The Company records stock-based compensation issued to non-employees or other external entities for goods and services at either the fair market value of the shares issued or the value of the services received, whichever is more readily determinable, using the measurement date guidelines enumerated in FASB ASC 505-50-30.

Liquidity and Capital Resources

During the nine months ended September 30, 2015, net cash used in operating activities totaled $(397,639). Cash provided by financing activities was $396,485, resulting primarily from the issuance of convertible promissory notes and preferred stock, and cash used in investing activities was $2,002. Increase in cash for the period was $848.
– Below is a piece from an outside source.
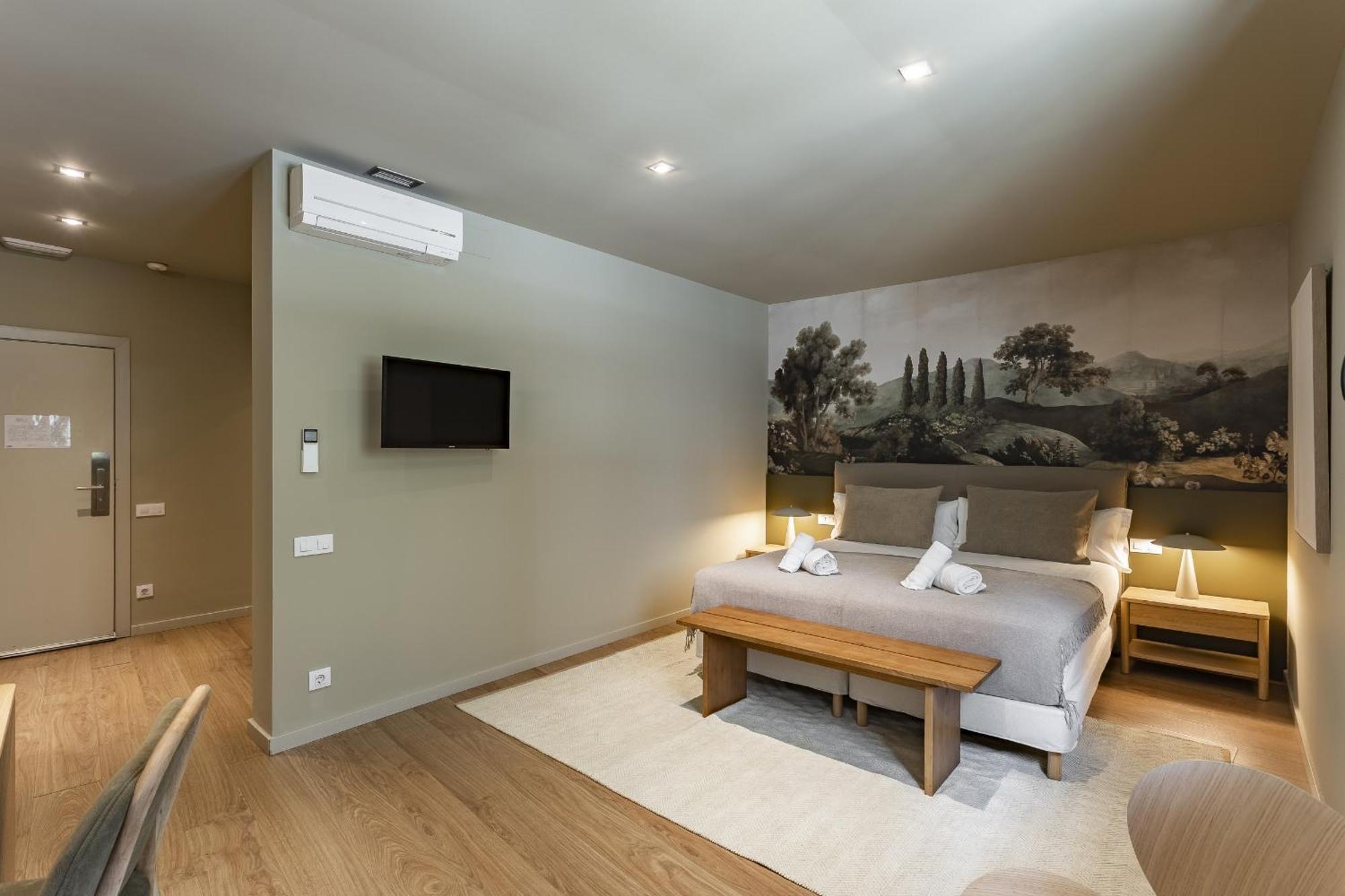 Ola Living Diagonal Gasthof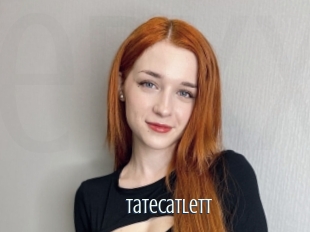 Tatecatlett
Cash Flow Requirements for Operations

As of September 30, 2015 the Company had available cash of $848. Based on our historical cash needs and our business plan, we require approximately $1,500,000 for operations for the year ending December 31, 2015. We currently have payroll, legal, accounting, general and administrative expenses with no revenue generating operations. Until now we have relied on the issuance of convertible debt and the sale of our common and preferred shares to fund our operating cash requirements. However, these sources of cash are no longer available to us. As of January 6, 2016, the Company had available cash of $(3).

Going Concern

Our continuation as a going concern is dependent upon obtaining additional working capital to sustain our current status. As shown in the accompanying financial statements, the Company had an accumulated deficit of $17,512,324 at September 30, 2015. The Company is insolvent. The financial statements do not include any adjustments relating to the recoverability and classification of recorded assets, or the amounts of and classification of liabilities that might be necessary in the event the Company cannot continue in existence.

Off-Balance Sheet Arrangements

We have no off-balance sheet arrangements or financing activities with special purpose entities.